The drive itself, aside from the crippling fear of soiling myself, was gorgeous. Mountains are not really my thing, but the cedar covered ranges made for astounding scenery. At a certain point, we passed the entry to the national laboratory where Einstein worked with the Manhatten Project. And then we made our way down a deep valley in which we would be introduced to about 1600 years of American history.
The monument is located in an area that in ancient times was covered in a rock made from densely packed volcanic ash called tuf. The tuf looks much like sandstone, and erodes at least as easily. As the elements did their work, the walls of the canyon became pitted with holes. Centuries later, the ancesters of the Pueblo Indians would come to this valley and build homes in the tuf as well. Some build home in the easily excavated valley floor and covered the tops with mud. Some made homes directly into the sheer walls of the canyon. They were drawn there by abundant wildlife, fresh water, and fertile soil for corn. It is unknown why they eventually left, but the area was already abandoned when the Spanish arrived.
Mom and I explored the valley for an hour or so, and then needing the bathroom, headed back toward the visitor center. On the way Mom tripped and took a spill, scraped up her knee, and rendered her a cripple. We made quite a pair.
With my stomach still in revolt and Mom bleeding through the knee of her jeans, we decided we had better go home. We made it there without incident, and we stayed there the rest of the day. After lots of sleep and attempts at rehydration, I felt a good deal better this morning when we left to find a Walmart so we could better bandage Mom's knee, and then to the local Cathedral.

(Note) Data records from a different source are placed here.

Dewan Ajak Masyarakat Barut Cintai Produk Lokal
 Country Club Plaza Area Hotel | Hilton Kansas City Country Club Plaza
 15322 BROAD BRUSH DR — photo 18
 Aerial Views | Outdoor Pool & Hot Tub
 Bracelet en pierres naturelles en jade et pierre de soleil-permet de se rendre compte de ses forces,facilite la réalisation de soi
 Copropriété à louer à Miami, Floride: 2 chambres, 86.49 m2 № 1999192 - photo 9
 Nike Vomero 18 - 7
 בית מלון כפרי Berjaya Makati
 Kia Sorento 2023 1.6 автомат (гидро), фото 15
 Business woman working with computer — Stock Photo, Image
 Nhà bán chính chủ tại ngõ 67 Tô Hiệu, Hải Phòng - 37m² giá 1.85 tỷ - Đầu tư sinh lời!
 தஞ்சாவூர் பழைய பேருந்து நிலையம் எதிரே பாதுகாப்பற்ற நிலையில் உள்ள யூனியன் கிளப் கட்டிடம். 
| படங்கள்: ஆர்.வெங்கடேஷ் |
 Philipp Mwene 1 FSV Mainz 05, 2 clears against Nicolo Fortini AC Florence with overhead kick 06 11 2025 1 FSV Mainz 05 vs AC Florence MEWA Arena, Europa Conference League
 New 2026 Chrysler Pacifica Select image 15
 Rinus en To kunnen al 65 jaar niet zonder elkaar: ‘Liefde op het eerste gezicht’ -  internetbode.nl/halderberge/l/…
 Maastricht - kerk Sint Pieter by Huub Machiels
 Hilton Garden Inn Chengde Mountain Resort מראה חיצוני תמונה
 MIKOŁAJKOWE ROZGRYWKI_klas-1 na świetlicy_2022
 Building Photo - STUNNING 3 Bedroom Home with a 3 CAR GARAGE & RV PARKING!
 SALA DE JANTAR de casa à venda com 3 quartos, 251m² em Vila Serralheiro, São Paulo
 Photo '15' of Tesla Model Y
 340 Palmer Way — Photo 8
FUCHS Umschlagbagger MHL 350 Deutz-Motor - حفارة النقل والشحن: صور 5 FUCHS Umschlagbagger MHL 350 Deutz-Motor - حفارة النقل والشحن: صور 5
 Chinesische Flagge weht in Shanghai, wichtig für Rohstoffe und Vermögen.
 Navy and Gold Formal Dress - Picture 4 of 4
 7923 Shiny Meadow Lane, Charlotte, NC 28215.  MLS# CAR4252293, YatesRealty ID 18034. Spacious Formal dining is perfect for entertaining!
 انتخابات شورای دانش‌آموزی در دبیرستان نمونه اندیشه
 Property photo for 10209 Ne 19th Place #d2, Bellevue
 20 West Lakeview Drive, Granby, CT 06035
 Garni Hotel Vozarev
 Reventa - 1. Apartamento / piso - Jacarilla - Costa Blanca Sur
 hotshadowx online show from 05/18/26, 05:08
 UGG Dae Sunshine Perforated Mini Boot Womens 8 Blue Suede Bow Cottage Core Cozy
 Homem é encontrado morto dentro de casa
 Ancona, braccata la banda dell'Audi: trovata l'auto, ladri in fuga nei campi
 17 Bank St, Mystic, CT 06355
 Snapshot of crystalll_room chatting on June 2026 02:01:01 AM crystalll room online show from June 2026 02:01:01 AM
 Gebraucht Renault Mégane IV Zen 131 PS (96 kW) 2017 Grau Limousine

The Cathedral of St. Francis is currently in its fifth instanciation on the current site. Originally an adobe church, it is now a large brick structure in historic Santa Fe. One enters through two enormous bronze doors. The inside is marked by a curious combination of old and new, European and Indigenous. The windows are old traditional stained glass, the stations of the cross a more modern and indigenous style. The sanctuary has a large reardos featuring saints from the new world. Beneath the sanctuary the graves of many of the Archbishops of Santa Fe. In a chapel to the left of the sanctuary, the faithful are encouraged to venerate Our Lady of the Conquest. The statue therein is the oldest carving of Our Lady in the United States.
We spent time there to pray and then did a little shopping and wandering. The gem we found today was a little photography gallery featuring a number of pieces by Ansel Adams. By the time we were done there we were both running out of steam. We headed home for a nap, and I am pleased to report that I now appear to be fully returned to health and will shortly be going out to take vengeance on my treacherous bowels.
Tomorrow we head for home. We haven't decided if this will be a one day or two day trip. If we see anything interesting on the way, I will be sure to let you know.